(DATA SEGMENT)
────

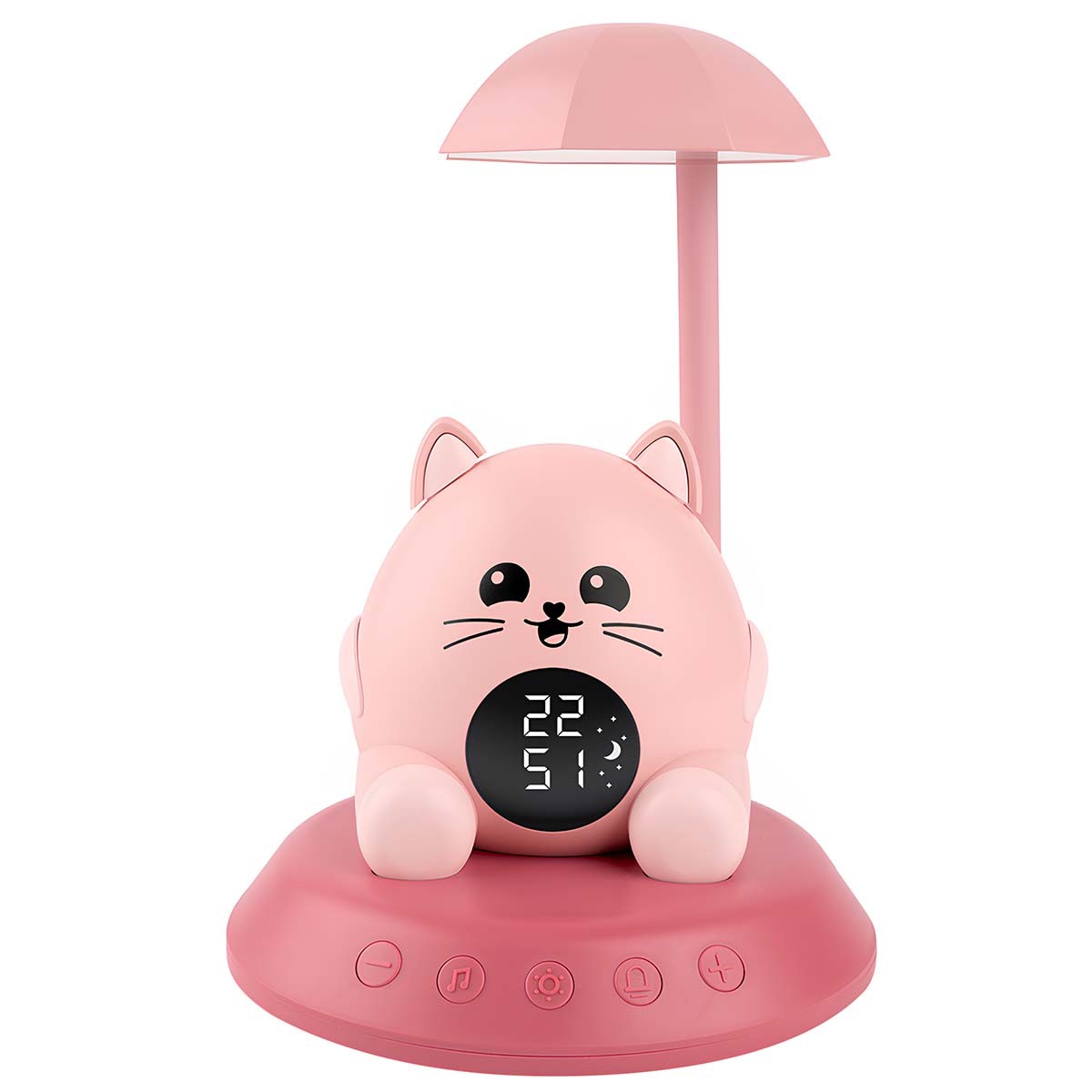 Réveil enfant chat rose BigBen avec affichage numérique led et musique pour table de chevet
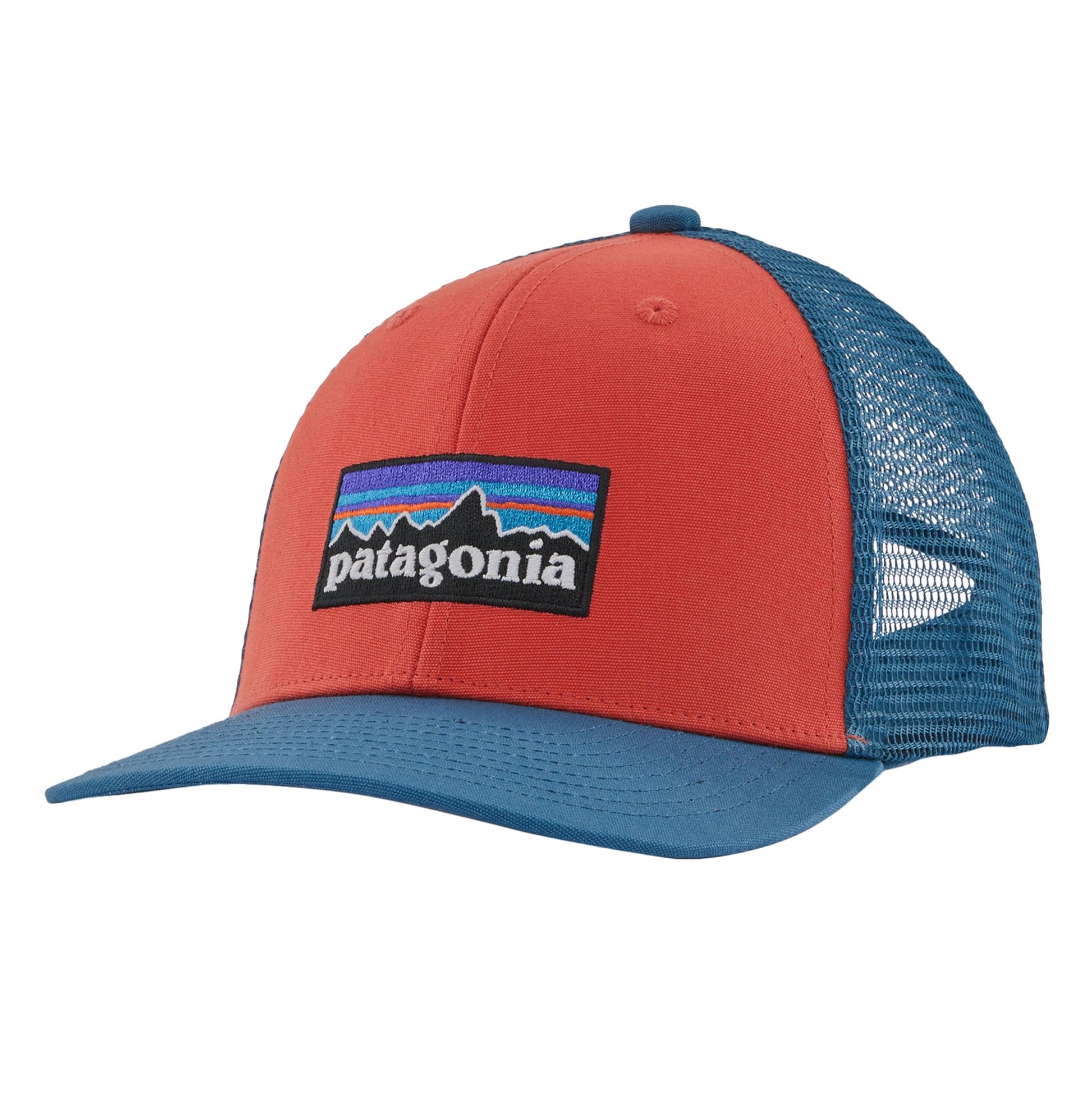 Patagonia bērnu cepure Trucker Hat P-6 logo - Sumac red Cepures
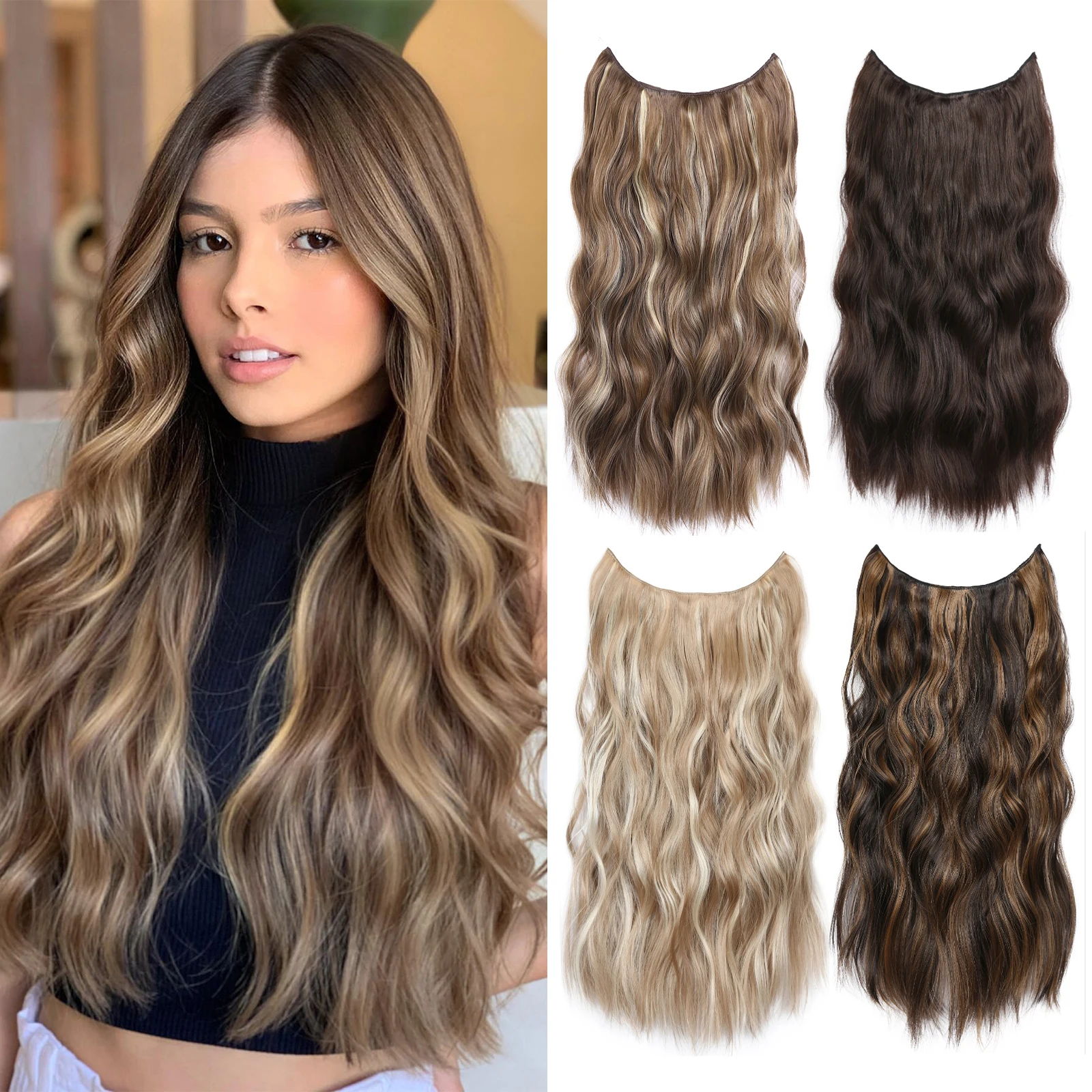 Invisible Wire Hair Extension Wavy Curly Synthetic Hairpiece Long 20Inch Fish Line Hair With 2 Clip-In One Piece For White Woman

────

(WHAT THIS TASK INVOLVES) The reply must hold every line above exactly as written and none of the pictures.

(TASK RESPONSE)
 Réveil enfant chat rose BigBen avec affichage numérique led et musique pour table de chevet
 Patagonia bērnu cepure Trucker Hat P-6 logo - Sumac red Cepures
 Invisible Wire Hair Extension Wavy Curly Synthetic Hairpiece Long 20Inch Fish Line Hair With 2 Clip-In One Piece For White Woman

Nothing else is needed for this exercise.